The announcement also links supercomputing to national AI capacity.
Nvidia pointed to deployments in Europe, Japan, South Africa, Saudi Arabia, Singapore and Vietnam, which moves the story beyond one benchmark list and into the location of future AI factories and research systems.
GPUs And Networking Set The System Shape
GPU and networking adoption both reached new highs in the ranking.
Nvidia GPUs accelerate 238 systems, while Nvidia networking connects 376 TOP500 systems.
Most of those networked systems use Nvidia Quantum InfiniBand, with the rest on Ethernet.
The networking count matters because large AI and high-performance computing systems depend on how quickly processors, memory and storage can communicate.
The source-backed numbers show that Nvidia's position reaches beyond chips into the fabric that ties clusters together.
Nvidia's CPU story is also growing.
Grace CPU adoption reached 26 systems, up eight from the previous list, and the company said nearly 2.5 million Grace CPUs have shipped.
Grace-based machines include JUPITER at No. 5 and Alps at No. 10 on the TOP500, while KAIROS ranks No. 1 on the Green500 efficiency list.
That CPU adoption is still small beside Nvidia's GPU and networking counts, but it is strategically important.
Grace gives Nvidia a path to sell more of the full system stack into AI and high-performance computing sites rather than leaving the host processor to another vendor.
Efficiency And Europe Shape The Buildout
The Green500 ranking gives the power-efficiency side of the AI infrastructure story.
The first eight systems in that list use Nvidia GPUs, and nine among the first 10 systems use Nvidia technologies.
KAIROS, a Grace Hopper system at France’s University of Toulouse, leads the Green500 at 73.3 gigaflops per watt.

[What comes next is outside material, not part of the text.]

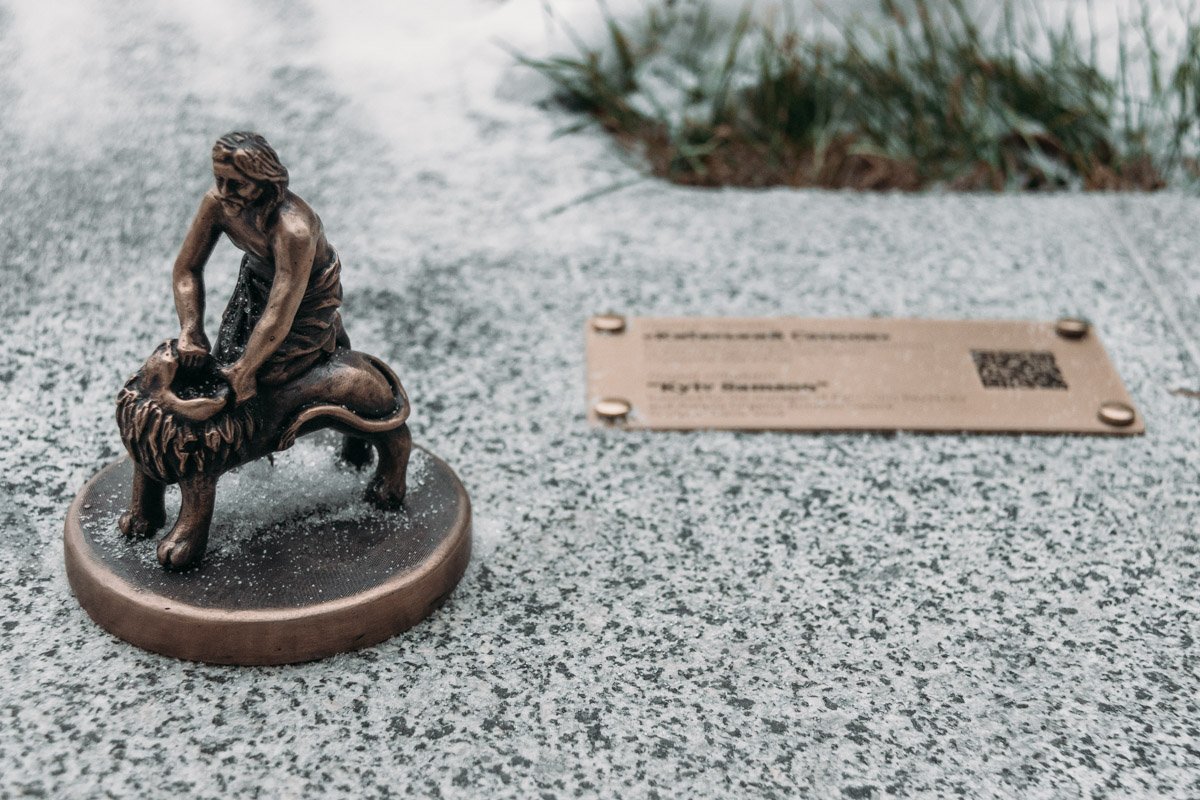 В Киеве появилась 12-я фигурка из проекта Шукай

Europe is a major deployment region in the announcement.
Nvidia said a record 35 Nvidia AI HPC supercomputers are in development across Europe, with infrastructure intended to support more than 3 million researchers.
JUPITER at the Jülich Supercomputing Centre in Germany is described as Europe’s fastest supercomputer and its first to reach exascale.
New Blackwell systems are also entering the ranking.
Nvidia said B200 and GB200 systems appeared across Asia, Europe and the U.S., with the first GB200 systems debuting in Japan.
The company also pointed to a new AI factory in South Africa and national AI systems in Saudi Arabia, Singapore and Vietnam.
Nvidia did not publish customer-level economics for the new systems, leaving the operating evidence at ranking share, throughput claims, deployment geography and efficiency scores.